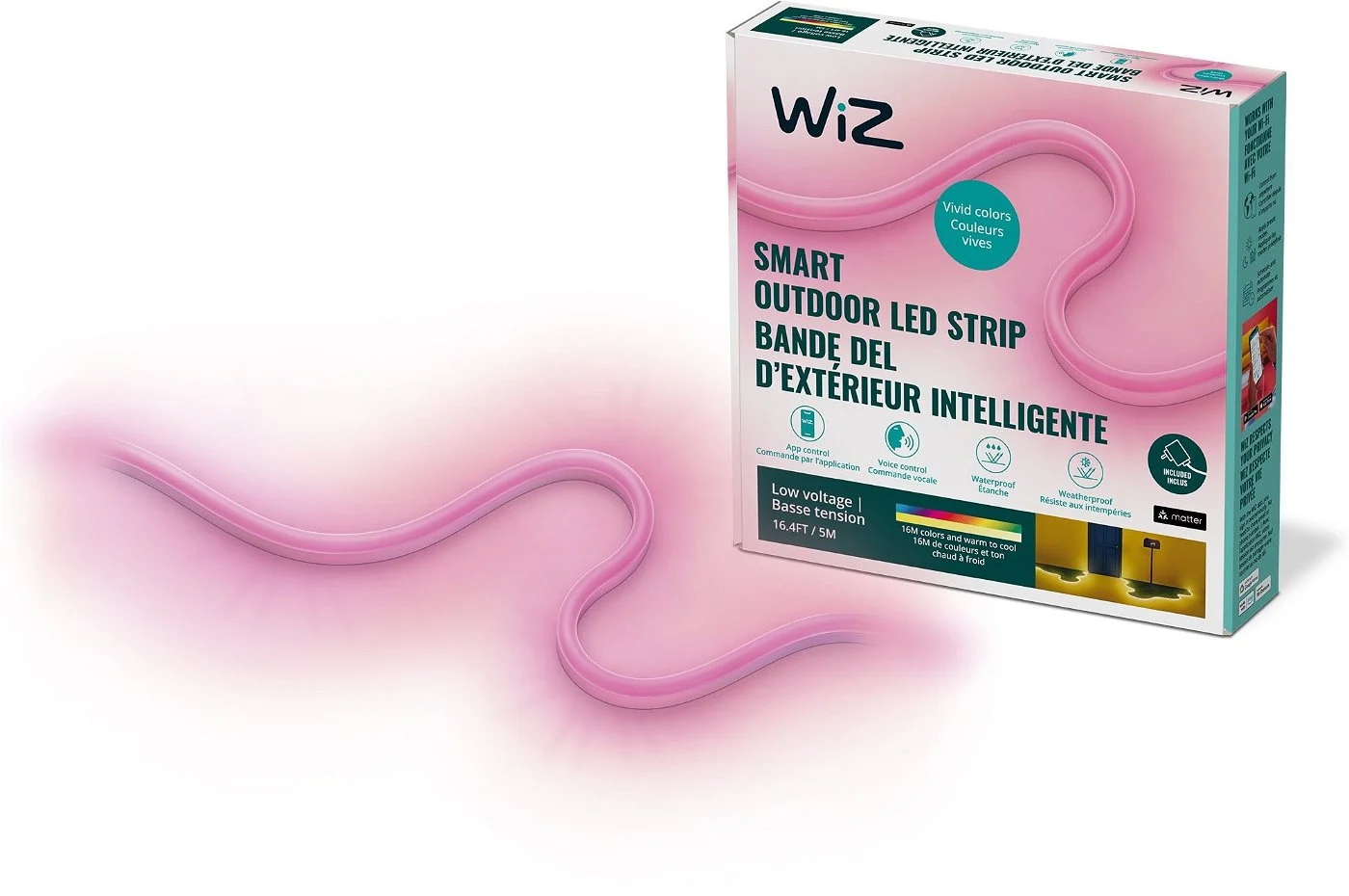 WiZ - Utendørs RGBW LED-stripe kit 5m Type C - Gratis frakt v:9274995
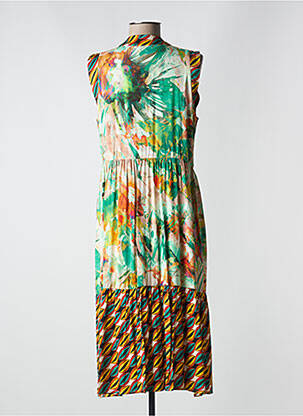 Robe mi-longue imprimé fantaisie sans manche vert REVER MILE femme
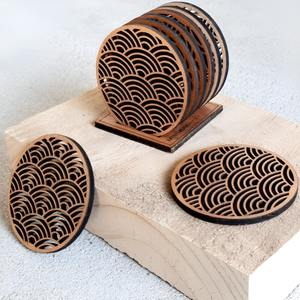 Selección de Posavasos Clásicos de Madera para Mesa de Comedor, para Colocar Bebidas, Decoración Rústica para Cocina, Protección - Product Image 1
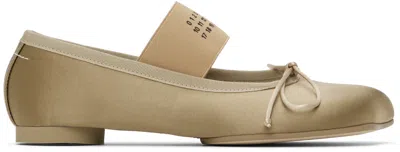 Mm6 Maison Margiela 'anatomic' Satim Ballet Flats In Beige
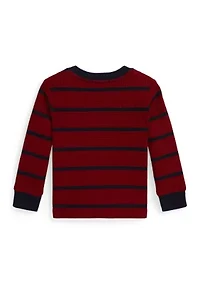 Baby Boys Striped Waffle Cotton Long-Sleeve Tee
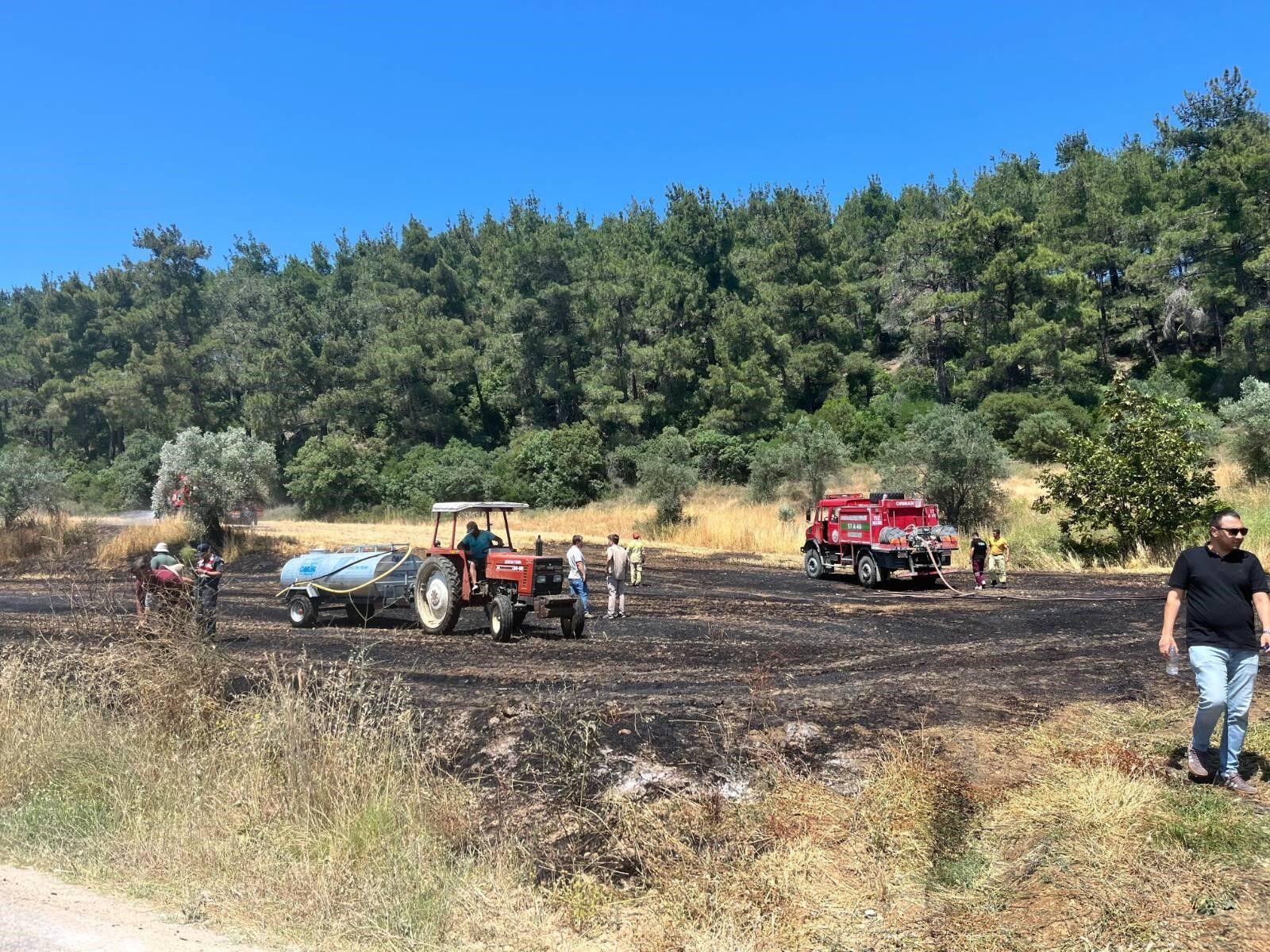 Çanakkale'de tarla yangını: Balya operatörü gözaltında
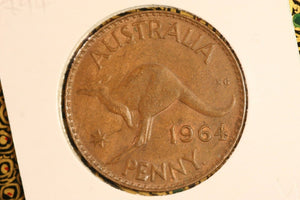 1964 - Y. - Australia Penny - Slanted 6 (R5) - aUNC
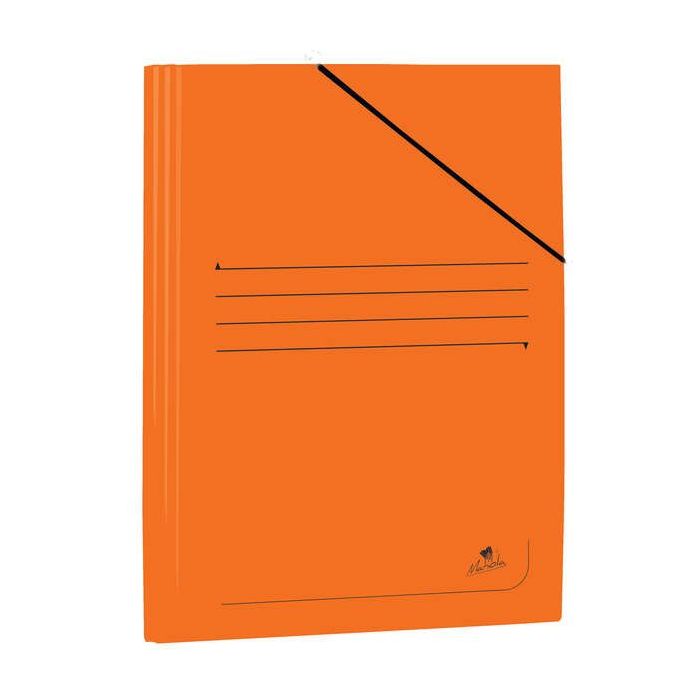Mariola Carpeta de Carton Plastificado Folio 500gr/m2 - Medidas 34x25cm - Cierre con Goma Elastica - Color Naranja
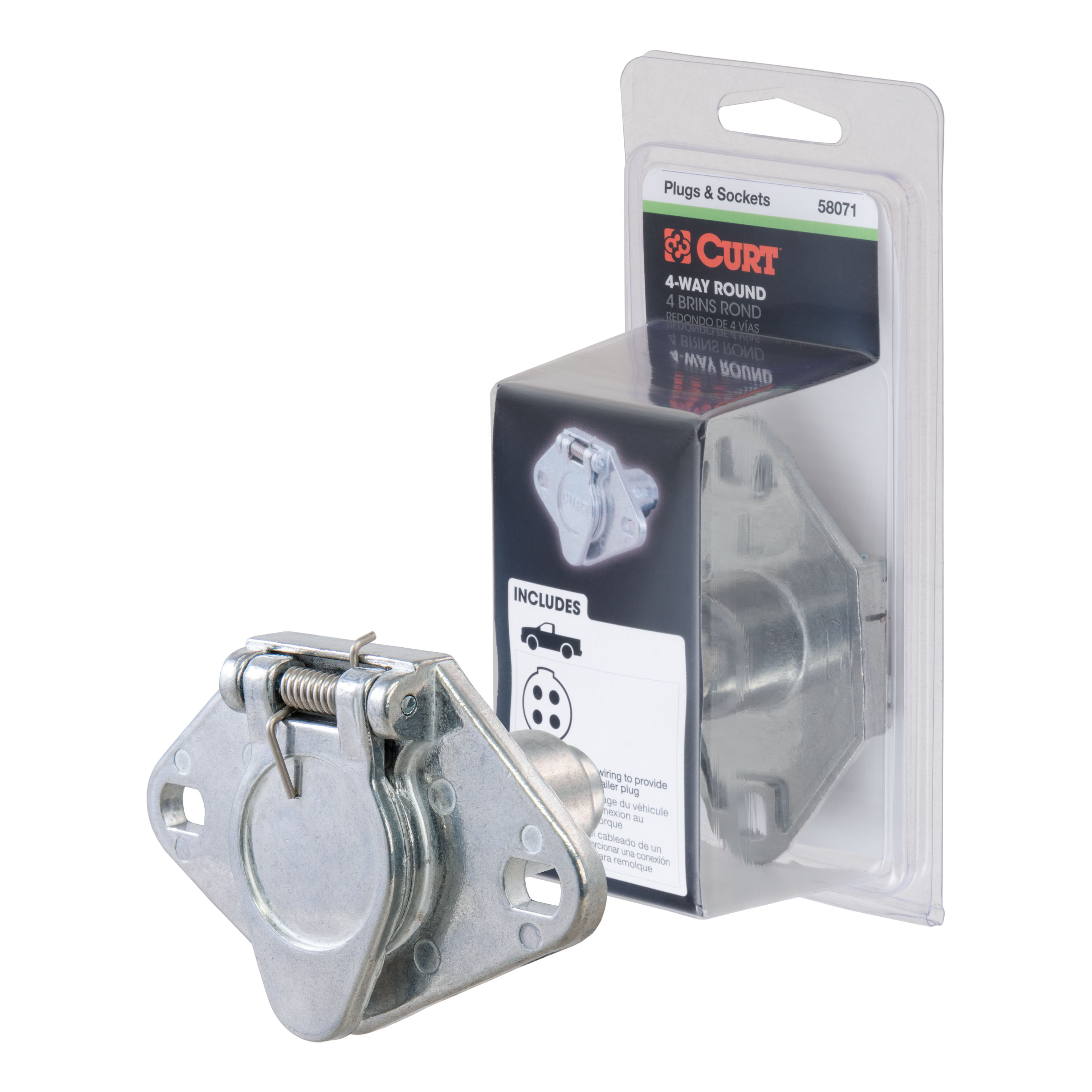 CURT 4-Way Round Connector Socket (Vehicle Side, Packaged) Trailer Connector Kit thumbnail 0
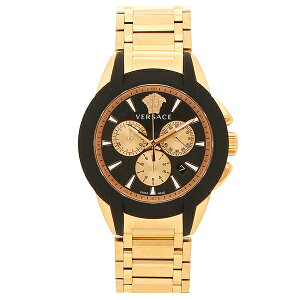 【返品OK】ヴェルサーチ 腕時計 メンズ VERSACE VEM800318 ブラック ピンクゴールド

Problem details: Copy out exactly the lines from the one with "1964 - Y. - Australia" through the end of the listing, both ends included, omitting any picture.

Output below:
 1964 - Y. - Australia Penny - Slanted 6 (R5) - aUNC
Mariola Carpeta de Carton Plastificado Folio 500gr/m2 - Medidas 34x25cm - Cierre con Goma Elastica - Color Naranja
 CURT 4-Way Round Connector Socket (Vehicle Side, Packaged) Trailer Connector Kit thumbnail 0
 【返品OK】ヴェルサーチ 腕時計 メンズ VERSACE VEM800318 ブラック ピンクゴールド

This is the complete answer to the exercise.